Her installations are designed to transport the viewers into understanding the perception of losing your “Twinship”. An immersive experience using symbolic objects, mirrors and furniture. Her latest artworks portray symbolism of strength and spiritual essence while using a combination of expressionistic painting and photographic realism. View the artworks page for more in depth descriptions per series.
She holds a BFA and MFA from the City University of New York, Lehman College in The Bronx. Her artworks was recently exhibited at Local Project Art Space in Long Island City, Queens, the Maritime Garage Gallery in South Norwalk, CT, Riverfront Art Gallery in Yonkers, Center for Fine Arts Photography in Fort Collins, Colorado.
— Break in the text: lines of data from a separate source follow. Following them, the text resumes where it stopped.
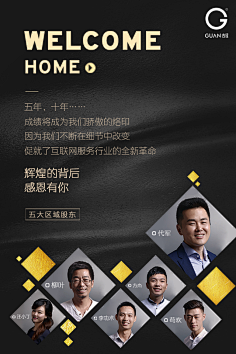 我爱浅浅的快乐采集到文案/形状排版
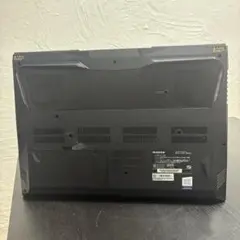 専用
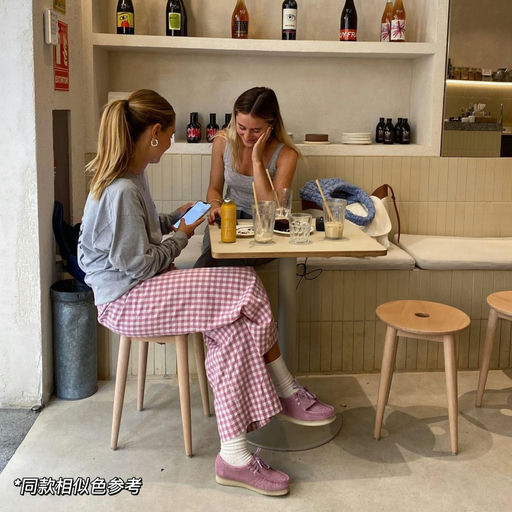 【复古山系典范】难得8折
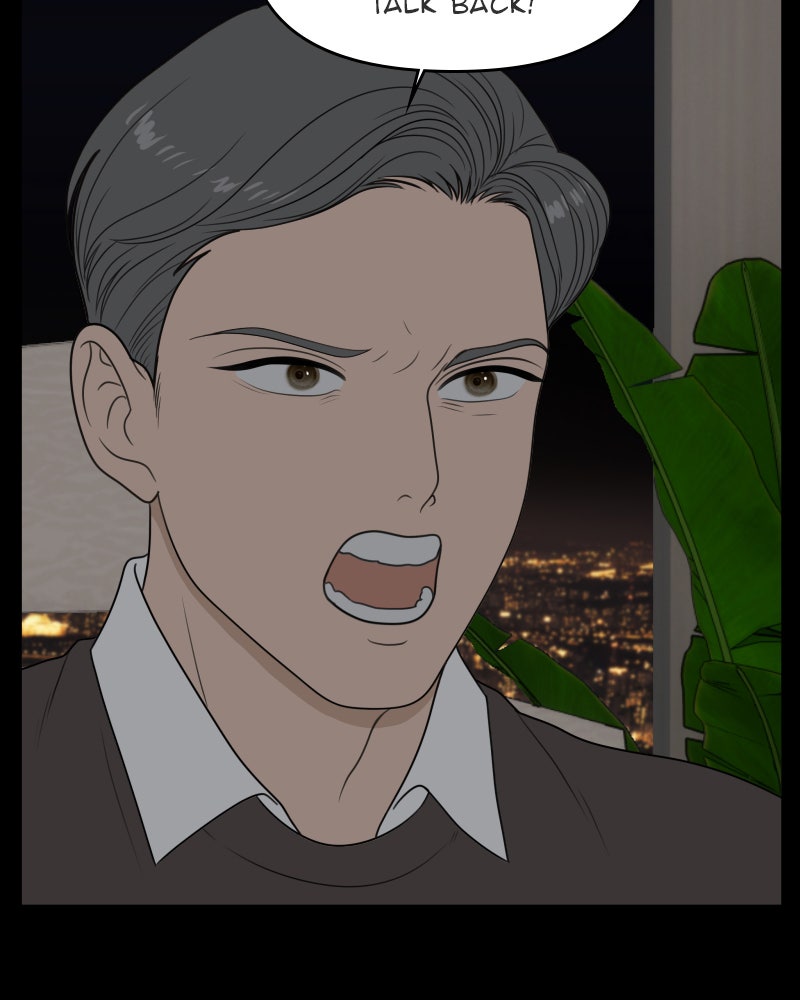 Illip Art High School Students Chapter 35 - Page 6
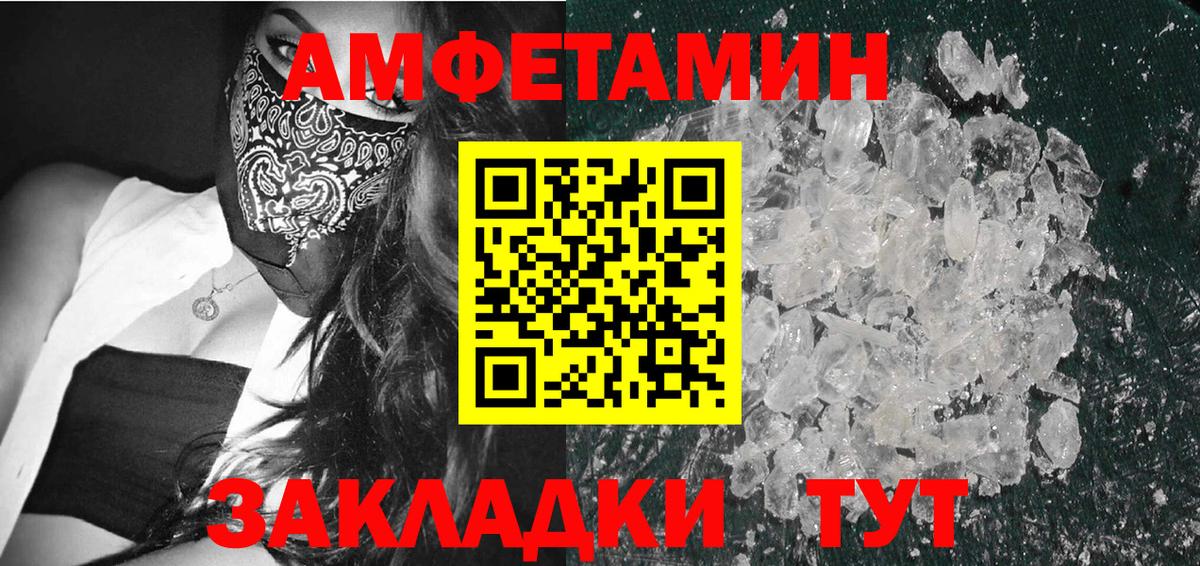 Ляпка  Кодеин  МАРИХУАНА  Кокаин  Меф  Бошки Шишки  Муравленко  Вход с VPN 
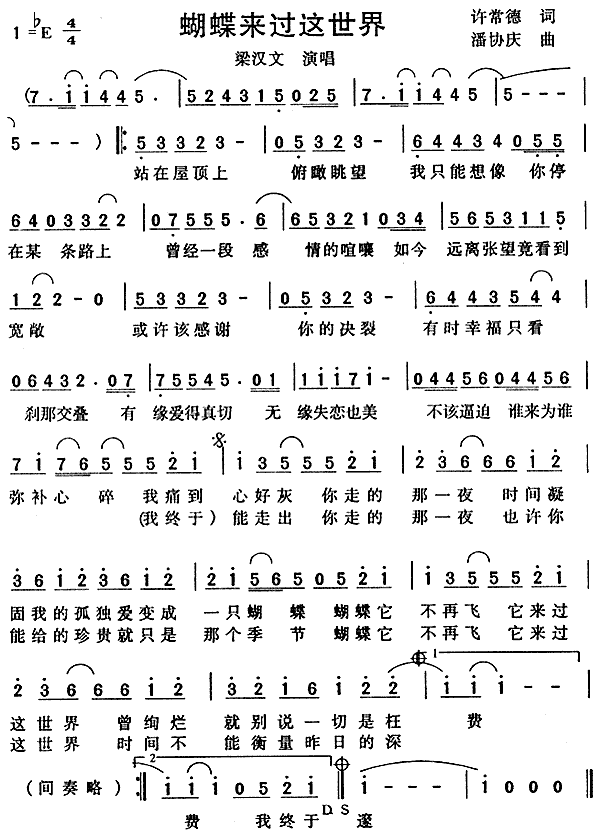 缪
She has curated group exhibitions at the Living Gallery in Brooklyn and St. Paul the Apostle, Upper West Side, NY. Her story and artworks were broadcasted at NY1 Noticias, News12 and written by Hartford Courant, Scene Magazine, El Diario Newspaper and Harlem News Group.
“Through the use of her photography, Katherine Emely Gómez, was able to convey the light and pain of her deepest sentiments and memories into symbolic representations of something only truly known to the artist herself. Although this may be a difficult task, Gómez does a beautiful job in executing something included in her artist statement- “Making the invisible visible.”
– Scene Magazine
“La joven dominicana ha encontrado en el arte una forma de expresar el vacío que dejó la prematura partida, y también ha utilizado la fotografía para exaltar la huella que su querida hermana dejó en el mundo.”